Back in 2004 I co-authored an article that asked, does the perfect intranet exist? Now, as the dust mostly settles around the firestorm about "sexy" enterprise applications, I wonder if the problem with enterprise applications is that the enterprise is looking for application perfection?
Of course in some enterprise situations system "perfection" is not only desirable, but essential. However, when we consider the number of large organisations running on uncontrolled spreadsheets, despite the known risks, this suggests that perhaps people are more willing to trade off perfection for practical usefulness than we think. BTW I think "sexy" is a rather poor word choice, perhaps something like "utilitarianism" instead? I mean, like twitter friend Martin Koser I've yet to find a sexy wiki either:
"Are enterprise wikis sexy? Most people don’t think so - but I think they get it wrong...Wikis soon gain “cool tools status” - just because they offer room for flexible emergent uses, coupled with great simplicity."
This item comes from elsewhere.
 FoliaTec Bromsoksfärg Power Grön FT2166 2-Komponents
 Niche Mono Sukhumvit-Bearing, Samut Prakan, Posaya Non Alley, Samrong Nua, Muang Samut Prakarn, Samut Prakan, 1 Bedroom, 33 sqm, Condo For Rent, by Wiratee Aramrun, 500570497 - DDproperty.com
However, here is the ironic twist with enterprise software... an "enterprise" is really a loose collection of individuals, a complex system if you like. Unfortunately large, heavy and decidedly unsexy enterprise software is produced by large, complex companies to be used by other large, complex companies. And its why right now people in organisations can't help themselves from buying large, heavy enterprise software, yet they know they will also keep using a spreadsheet (or equivalent tool) to fill the gaps. This goes for the vendors too, who often "don't eat their own dogfood".
You can see where this is going, right? If you want sexy enterprise software, look for companies - both vendors and customers - who are prepared to change the rules. And in a long winded way, I find myself back to James Governor, who had a hand in stoking the firestorm that Scoble started, and I'll give him the last word:
"In the 20th century economic success in IT was established by raising barriers to entry. In the 21st it will be about lowering barriers to participation. Economies are networked, and the invisible hand is a great one for random acts of traction."